» Your goal
Would you retype every line below without changing anything?

» Exercise materials
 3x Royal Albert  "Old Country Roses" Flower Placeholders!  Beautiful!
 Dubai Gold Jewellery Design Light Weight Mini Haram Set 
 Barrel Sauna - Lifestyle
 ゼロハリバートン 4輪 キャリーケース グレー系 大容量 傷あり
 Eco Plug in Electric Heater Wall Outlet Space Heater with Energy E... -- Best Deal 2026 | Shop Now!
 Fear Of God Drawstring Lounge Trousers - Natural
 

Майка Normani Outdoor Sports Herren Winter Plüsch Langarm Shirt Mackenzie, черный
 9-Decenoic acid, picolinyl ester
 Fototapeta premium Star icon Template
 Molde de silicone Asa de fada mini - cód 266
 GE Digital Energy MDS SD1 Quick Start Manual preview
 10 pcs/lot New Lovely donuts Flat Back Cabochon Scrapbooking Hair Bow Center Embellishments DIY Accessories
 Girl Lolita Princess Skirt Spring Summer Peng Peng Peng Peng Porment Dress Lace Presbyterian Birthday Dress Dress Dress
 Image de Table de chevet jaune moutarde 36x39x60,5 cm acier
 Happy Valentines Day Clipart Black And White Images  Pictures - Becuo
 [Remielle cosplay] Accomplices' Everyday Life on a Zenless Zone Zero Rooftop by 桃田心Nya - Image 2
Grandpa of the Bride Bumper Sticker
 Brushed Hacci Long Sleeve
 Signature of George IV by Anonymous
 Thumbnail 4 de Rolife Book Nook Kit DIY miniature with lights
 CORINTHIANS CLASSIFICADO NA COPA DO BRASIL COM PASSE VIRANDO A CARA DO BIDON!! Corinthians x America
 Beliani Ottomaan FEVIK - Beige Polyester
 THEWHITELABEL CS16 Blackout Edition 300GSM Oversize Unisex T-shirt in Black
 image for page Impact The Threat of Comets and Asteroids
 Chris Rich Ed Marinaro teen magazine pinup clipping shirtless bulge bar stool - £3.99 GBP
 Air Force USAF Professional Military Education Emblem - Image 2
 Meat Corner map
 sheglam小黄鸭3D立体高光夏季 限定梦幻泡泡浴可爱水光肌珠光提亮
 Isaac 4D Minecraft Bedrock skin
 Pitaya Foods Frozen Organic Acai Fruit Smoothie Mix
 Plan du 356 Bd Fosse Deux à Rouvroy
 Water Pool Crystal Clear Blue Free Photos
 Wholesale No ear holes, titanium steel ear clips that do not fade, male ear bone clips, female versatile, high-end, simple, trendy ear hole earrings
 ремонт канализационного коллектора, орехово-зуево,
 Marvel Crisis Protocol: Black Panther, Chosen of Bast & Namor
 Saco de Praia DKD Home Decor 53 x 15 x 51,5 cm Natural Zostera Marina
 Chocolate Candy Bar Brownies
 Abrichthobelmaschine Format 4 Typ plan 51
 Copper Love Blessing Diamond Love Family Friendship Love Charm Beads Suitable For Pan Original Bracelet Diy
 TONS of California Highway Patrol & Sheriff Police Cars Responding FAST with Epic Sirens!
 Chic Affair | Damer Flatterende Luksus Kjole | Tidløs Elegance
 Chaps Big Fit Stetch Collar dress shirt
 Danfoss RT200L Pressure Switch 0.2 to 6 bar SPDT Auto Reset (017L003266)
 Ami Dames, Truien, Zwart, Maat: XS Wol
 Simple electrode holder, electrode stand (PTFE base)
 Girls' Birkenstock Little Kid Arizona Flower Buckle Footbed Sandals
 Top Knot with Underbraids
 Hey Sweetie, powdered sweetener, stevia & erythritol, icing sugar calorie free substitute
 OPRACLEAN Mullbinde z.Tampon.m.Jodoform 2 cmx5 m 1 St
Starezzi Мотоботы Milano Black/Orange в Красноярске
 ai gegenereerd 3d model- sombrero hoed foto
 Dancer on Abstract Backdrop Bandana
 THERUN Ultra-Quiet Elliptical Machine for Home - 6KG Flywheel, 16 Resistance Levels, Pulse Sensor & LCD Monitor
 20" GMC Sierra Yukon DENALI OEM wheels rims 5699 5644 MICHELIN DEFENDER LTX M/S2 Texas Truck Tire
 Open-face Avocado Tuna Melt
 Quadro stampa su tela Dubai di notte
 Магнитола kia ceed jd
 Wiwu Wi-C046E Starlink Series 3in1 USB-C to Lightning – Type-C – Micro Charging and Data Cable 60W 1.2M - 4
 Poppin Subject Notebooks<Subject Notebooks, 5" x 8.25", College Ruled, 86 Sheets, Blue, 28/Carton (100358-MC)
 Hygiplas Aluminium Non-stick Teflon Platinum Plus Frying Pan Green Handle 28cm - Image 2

» Exercise result
 3x Royal Albert  "Old Country Roses" Flower Placeholders!  Beautiful!
 Dubai Gold Jewellery Design Light Weight Mini Haram Set 
 Barrel Sauna - Lifestyle
 ゼロハリバートン 4輪 キャリーケース グレー系 大容量 傷あり
 Eco Plug in Electric Heater Wall Outlet Space Heater with Energy E... -- Best Deal 2026 | Shop Now!
 Fear Of God Drawstring Lounge Trousers - Natural
 

Майка Normani Outdoor Sports Herren Winter Plüsch Langarm Shirt Mackenzie, черный
 9-Decenoic acid, picolinyl ester
 Fototapeta premium Star icon Template
 Molde de silicone Asa de fada mini - cód 266
 GE Digital Energy MDS SD1 Quick Start Manual preview
 10 pcs/lot New Lovely donuts Flat Back Cabochon Scrapbooking Hair Bow Center Embellishments DIY Accessories
 Girl Lolita Princess Skirt Spring Summer Peng Peng Peng Peng Porment Dress Lace Presbyterian Birthday Dress Dress Dress
 Image de Table de chevet jaune moutarde 36x39x60,5 cm acier
 Happy Valentines Day Clipart Black And White Images  Pictures - Becuo
 [Remielle cosplay] Accomplices' Everyday Life on a Zenless Zone Zero Rooftop by 桃田心Nya - Image 2
Grandpa of the Bride Bumper Sticker
 Brushed Hacci Long Sleeve
 Signature of George IV by Anonymous
 Thumbnail 4 de Rolife Book Nook Kit DIY miniature with lights
 CORINTHIANS CLASSIFICADO NA COPA DO BRASIL COM PASSE VIRANDO A CARA DO BIDON!! Corinthians x America
 Beliani Ottomaan FEVIK - Beige Polyester
 THEWHITELABEL CS16 Blackout Edition 300GSM Oversize Unisex T-shirt in Black
 image for page Impact The Threat of Comets and Asteroids
 Chris Rich Ed Marinaro teen magazine pinup clipping shirtless bulge bar stool - £3.99 GBP
 Air Force USAF Professional Military Education Emblem - Image 2
 Meat Corner map
 sheglam小黄鸭3D立体高光夏季 限定梦幻泡泡浴可爱水光肌珠光提亮
 Isaac 4D Minecraft Bedrock skin
 Pitaya Foods Frozen Organic Acai Fruit Smoothie Mix
 Plan du 356 Bd Fosse Deux à Rouvroy
 Water Pool Crystal Clear Blue Free Photos
 Wholesale No ear holes, titanium steel ear clips that do not fade, male ear bone clips, female versatile, high-end, simple, trendy ear hole earrings
 ремонт канализационного коллектора, орехово-зуево,
 Marvel Crisis Protocol: Black Panther, Chosen of Bast & Namor
 Saco de Praia DKD Home Decor 53 x 15 x 51,5 cm Natural Zostera Marina
 Chocolate Candy Bar Brownies
 Abrichthobelmaschine Format 4 Typ plan 51
 Copper Love Blessing Diamond Love Family Friendship Love Charm Beads Suitable For Pan Original Bracelet Diy
 TONS of California Highway Patrol & Sheriff Police Cars Responding FAST with Epic Sirens!
 Chic Affair | Damer Flatterende Luksus Kjole | Tidløs Elegance
 Chaps Big Fit Stetch Collar dress shirt
 Danfoss RT200L Pressure Switch 0.2 to 6 bar SPDT Auto Reset (017L003266)
 Ami Dames, Truien, Zwart, Maat: XS Wol
 Simple electrode holder, electrode stand (PTFE base)
 Girls' Birkenstock Little Kid Arizona Flower Buckle Footbed Sandals
 Top Knot with Underbraids
 Hey Sweetie, powdered sweetener, stevia & erythritol, icing sugar calorie free substitute
 OPRACLEAN Mullbinde z.Tampon.m.Jodoform 2 cmx5 m 1 St
Starezzi Мотоботы Milano Black/Orange в Красноярске
 ai gegenereerd 3d model- sombrero hoed foto
 Dancer on Abstract Backdrop Bandana
 THERUN Ultra-Quiet Elliptical Machine for Home - 6KG Flywheel, 16 Resistance Levels, Pulse Sensor & LCD Monitor
 20" GMC Sierra Yukon DENALI OEM wheels rims 5699 5644 MICHELIN DEFENDER LTX M/S2 Texas Truck Tire
 Open-face Avocado Tuna Melt
 Quadro stampa su tela Dubai di notte
 Магнитола kia ceed jd
 Wiwu Wi-C046E Starlink Series 3in1 USB-C to Lightning – Type-C – Micro Charging and Data Cable 60W 1.2M - 4
 Poppin Subject Notebooks<Subject Notebooks, 5" x 8.25", College Ruled, 86 Sheets, Blue, 28/Carton (100358-MC)
 Hygiplas Aluminium Non-stick Teflon Platinum Plus Frying Pan Green Handle 28cm - Image 2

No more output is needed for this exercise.